I do think there are some critical takeaways from this wire testing experiment. One key discovery has been that if the wire doesn’t have some sort of vertical shaping, it just doesn’t work on me. For example, the Extra Long wire from Gigi’s has a similar overall length to the Omega wire from Emerald Erin, yet because one shape is wide and the other is narrow it forces the bra to smush the breast tissue and the band to stand away from the body whereas the other allows the band to sit directly next to the skin on the chest and lets the breast project forward to fill out the cup. (Side note: Yes, we have finally reached the point in our bra sewing adventure where we have achieved the fabled state of having the bridge fabric in contact with the chest! It is a thing that can actually happen. Who knew?!?!?!?!!) I can also see the same situation happen when I go too large in the vertical wires – the larger wire size pulls the cup horizontally, reducing the forward space for the breast to sit and pulling the band forward away from the body. So I think one critical takeaway is definitely that it’s definitely both the size and shape of the wire that is going to really impact the fit of the bra.
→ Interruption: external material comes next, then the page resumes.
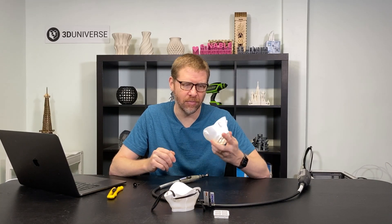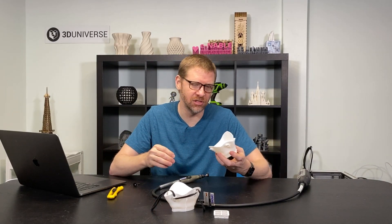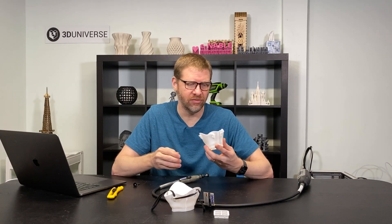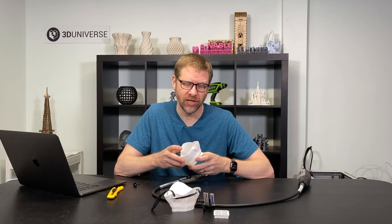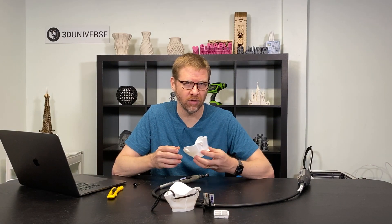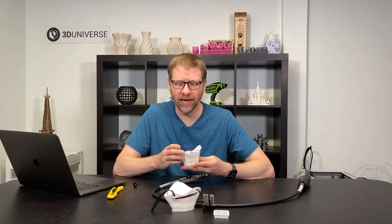That way, when you put the mask on, it's going to be a much more comfortable fit. As a side note, you'll notice I'm not wearing gloves right now. I find that it's easier to do my work on the mask and then go and sanitize the mask before giving it out to anyone. Once this is all finished, I'm going to wash this thoroughly with warm soapy water to make sure the mask is completely cleaned. From that point forward, I will wear gloves as I'm handling the mask, handling the filter material, putting things together, and sealing bags.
Another takeaway I have from this is that it is important to get a few sizes of fitting wires, even if you do the breast root trace. When I compared my breast root trace to the wire charts it did help me identify the top contenders of wire styles, but I find that having the actual wires is more helpful for the comparison and obviously to test the fitting. I originally didn’t order any of the Omega style wires from Emerald Erin because I thought the inward curve at the top of the wire would be too severe, however, it actually fits great for me and is very comfortable, so I’m glad I tried it. Conversely, I thought the Extra Long wires from Gigi’s would work, but they are far too short in a full coverage bra for me when I use the size that corresponds to the trace. Although I bought a lot of wire styles, the root trace did actually help me narrow down wire styles quite a bit, relatively speaking. It was immediately obvious from the trace that I needed some sort of vertical wire, and I didn’t even bother trying any of the wider/flatter styles available. It was made even more clear through fit tests that the vertical wire styles were significant improvements over the standard wire shapes I had been using originally.
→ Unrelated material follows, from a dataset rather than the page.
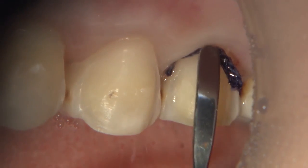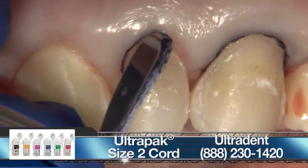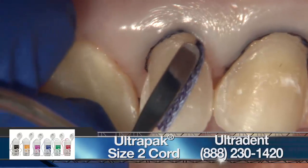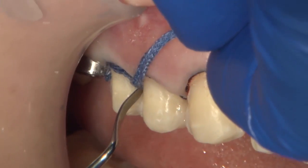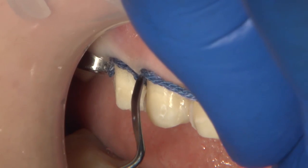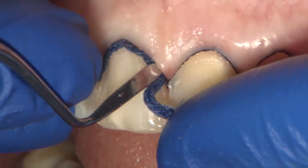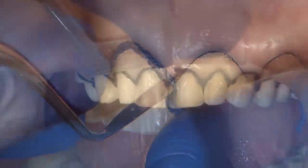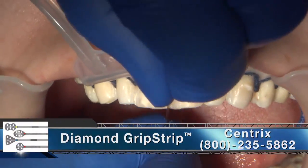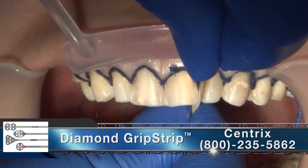Using a double cord technique to expose the tooth apically will definitely aid the technician in seeing the tooth below the margin, so that the technician will have a better idea on how to contour the margin and blend the obsidian material into the existing tooth contour. Before taking the final impression, I used grip strip to carefully separate the interproximals so that the technician could see the margins.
A few posts back I discussed the projected vs. omega post from Hugs for Your Jugs. At the time I thought I probably was in the projected and not omega category, but after this most recent round of wire testing and bra fitting I am not so sure. Although my fit is significantly improved, with the bridge sitting flat against the chest when I have the Omega or Long Vertical wires inserted, I still have a slight bit of fitting weirdness around the breast root in the cups. For the Bravo Bra there is a bit of extra fabric at the bottom of the cup along the wire line, whereas the Willowdale causes a bit of the double fold crease in the under-boob. Now, don’t get me wrong, these are still the best fitting bras I have ever had, by a long shot. And this is the first time I’ve ever tried a bra without foam cups that I actually liked. Some seriously mind-blowing stuff going on over here. On the one hand, I think I’m pretty close to good enough being good enough. But, on the other hand, I still have a few obvious things I can tweak in each pattern to get a better fit, so I figure I might as well do that while I’m auditioning the rest of my wire sizes. If I still haven’t found a perfect fit I can also do a decent amount of pondering if I should go back to the drawing board with starting points for wire lines and starting sizes. I’ll be doing more detailed posts on each of these bras coming up, and will detail some thoughts on what I want to try next. After that I might literally go back to the drawing board because I really want to try self-drafting a bra. However, I need to have a wire size and shape picked out before going down that path, so there will likely be a few more finished bra posts and further thoughts on fitting before I get to that point.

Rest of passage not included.